● **Aim of the task**
Emit a verbatim copy of the lines below from the line with "Rat Puzzle (Vertikal)" through the line with "Apartment for rent - Photo 3 of 4", excluding pictures and everything outside that range.

● **Extracted information**
◆ ◆ ◆ ◆ ◆ ◆ ◆
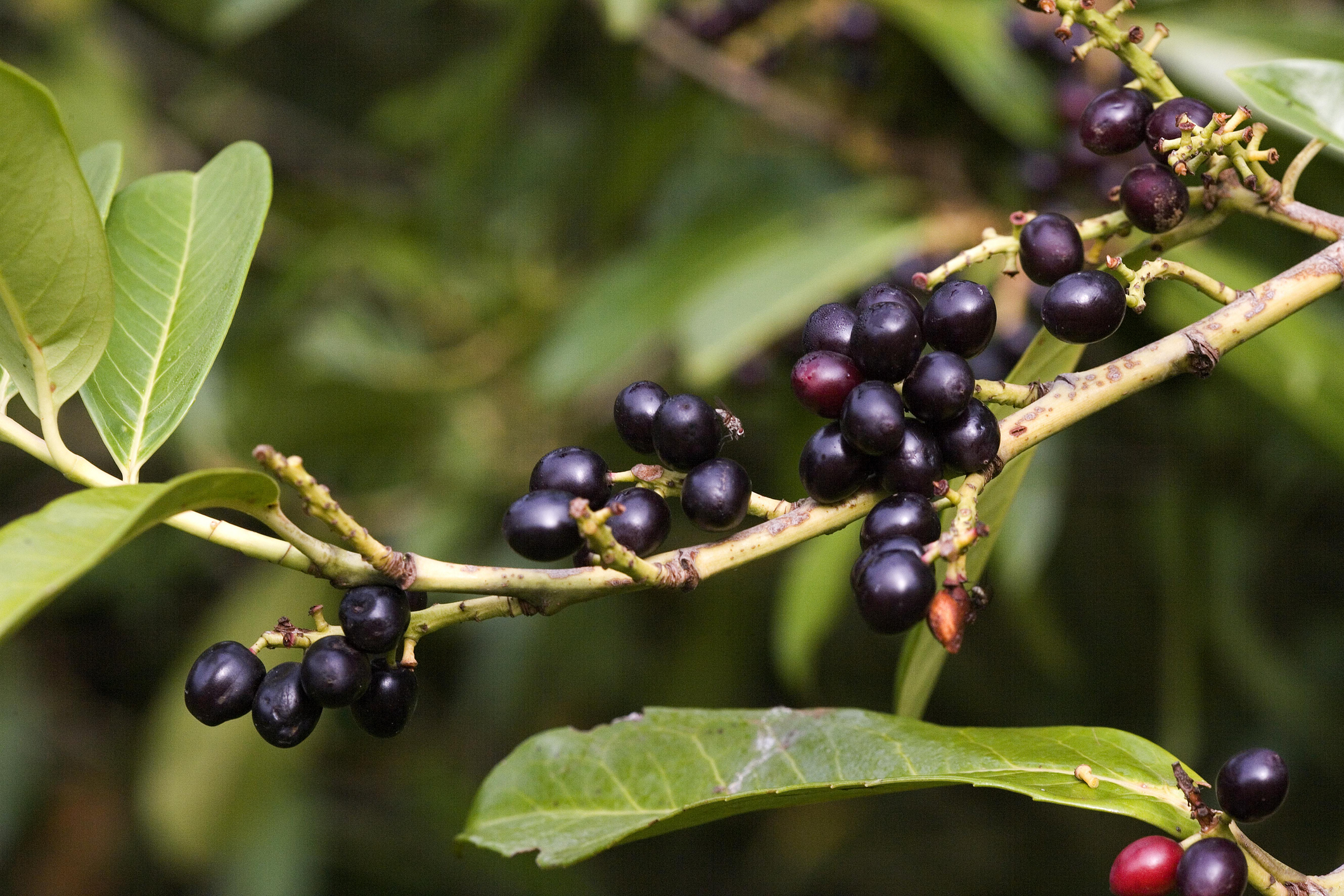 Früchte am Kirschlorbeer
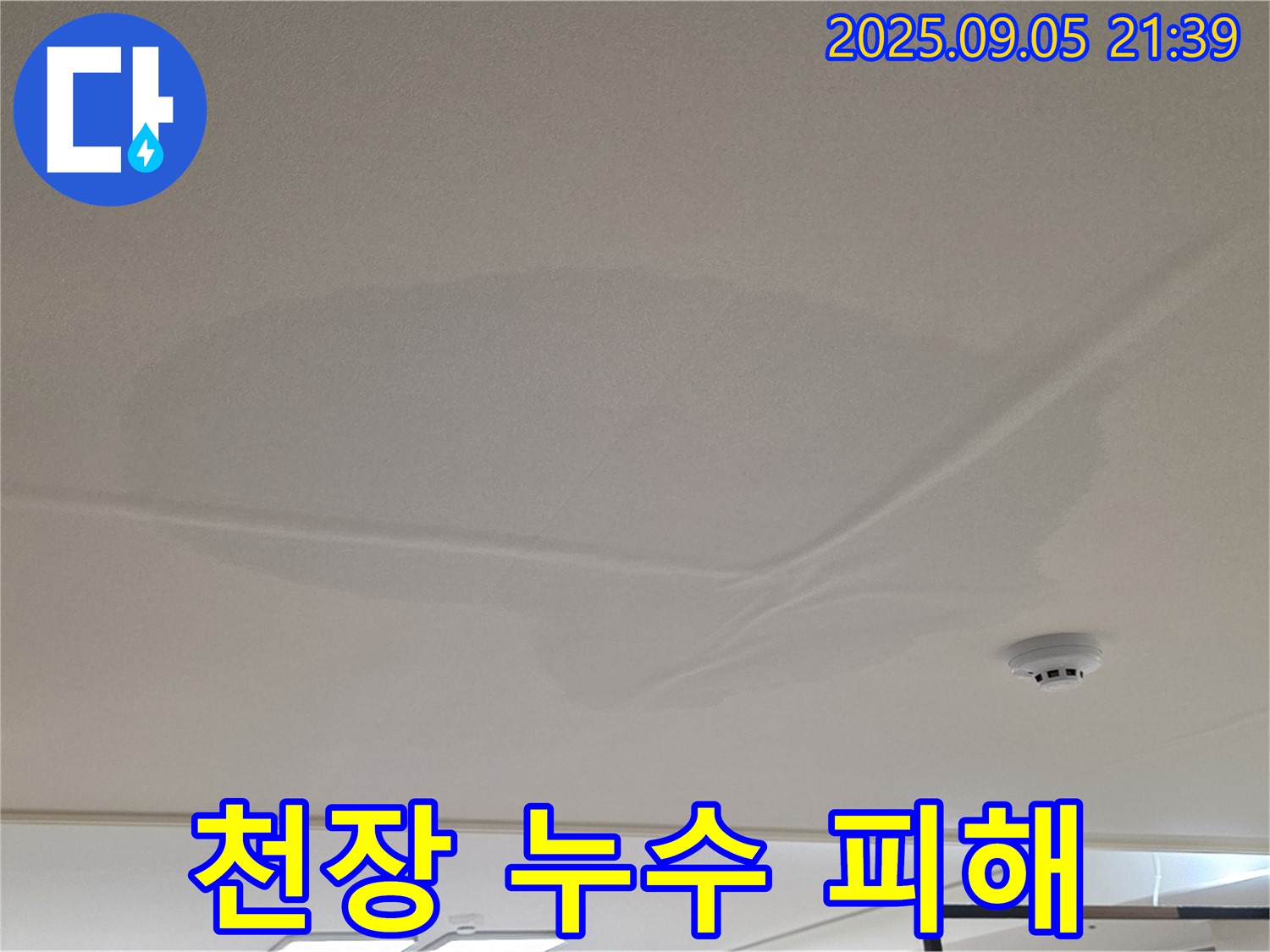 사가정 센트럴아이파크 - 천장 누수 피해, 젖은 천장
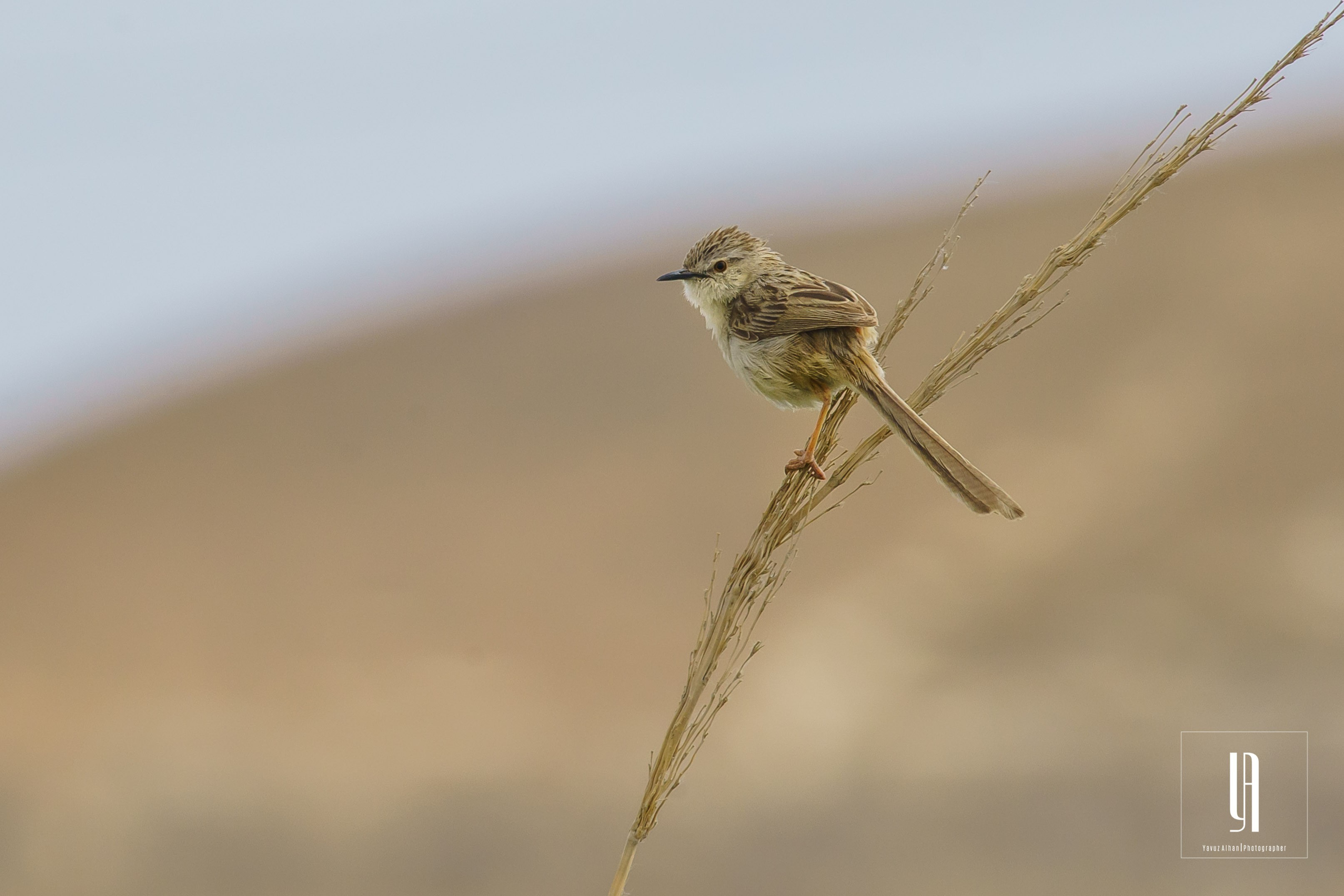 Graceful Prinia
◆ ◆ ◆ ◆ ◆ ◆ ◆
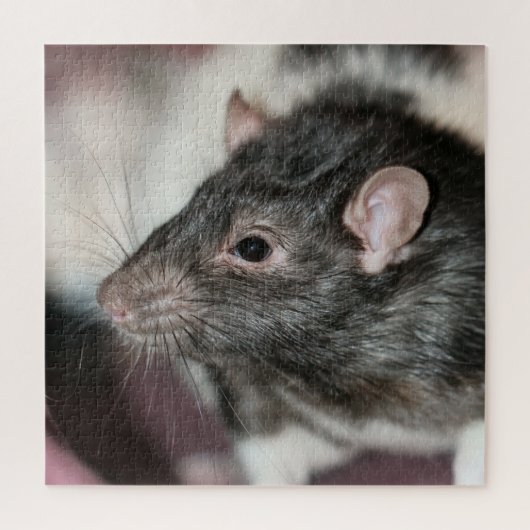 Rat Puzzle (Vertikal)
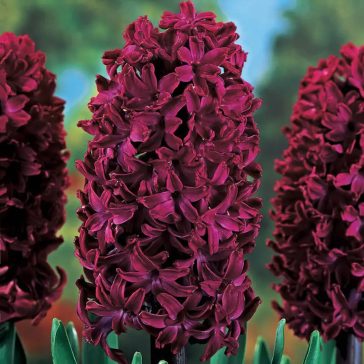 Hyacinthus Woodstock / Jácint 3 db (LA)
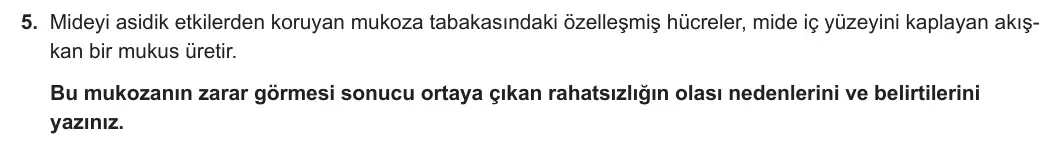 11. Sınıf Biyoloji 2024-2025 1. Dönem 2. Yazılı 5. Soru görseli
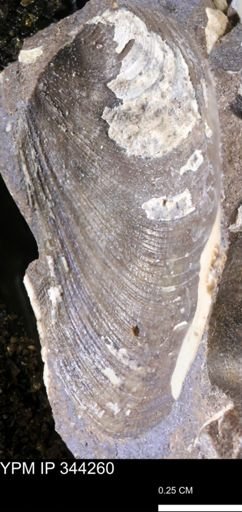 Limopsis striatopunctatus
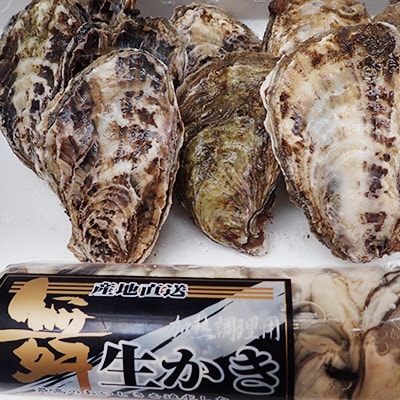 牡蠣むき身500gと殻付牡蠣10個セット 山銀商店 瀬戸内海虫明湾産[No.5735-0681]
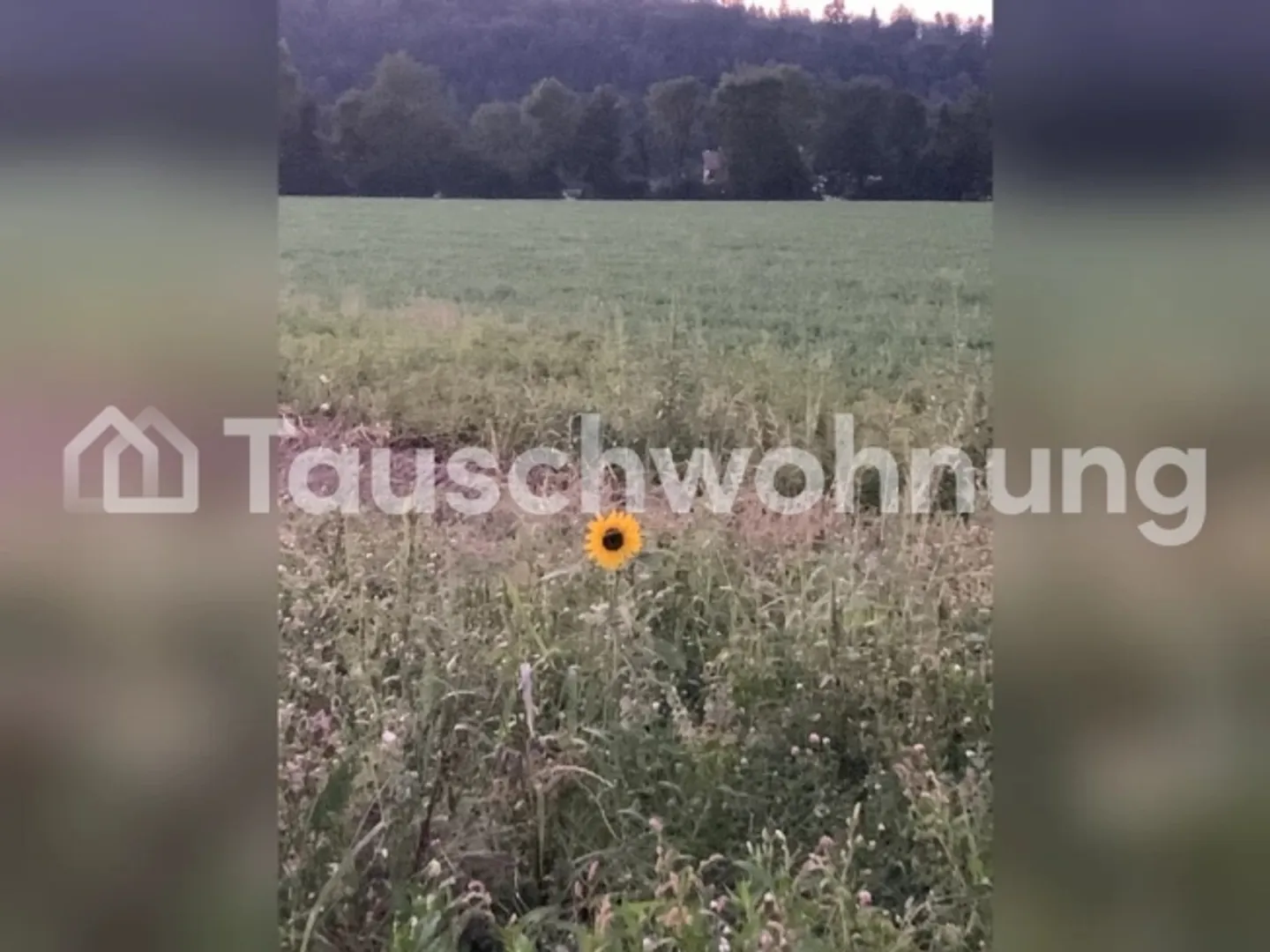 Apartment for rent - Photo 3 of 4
◆ ◆ ◆ ◆ ◆ ◆ ◆
● **Solution to the problem**
 Rat Puzzle (Vertikal)
 Hyacinthus Woodstock / Jácint 3 db (LA)
 11. Sınıf Biyoloji 2024-2025 1. Dönem 2. Yazılı 5. Soru görseli
 Limopsis striatopunctatus
 牡蠣むき身500gと殻付牡蠣10個セット 山銀商店 瀬戸内海虫明湾産[No.5735-0681]
 Apartment for rent - Photo 3 of 4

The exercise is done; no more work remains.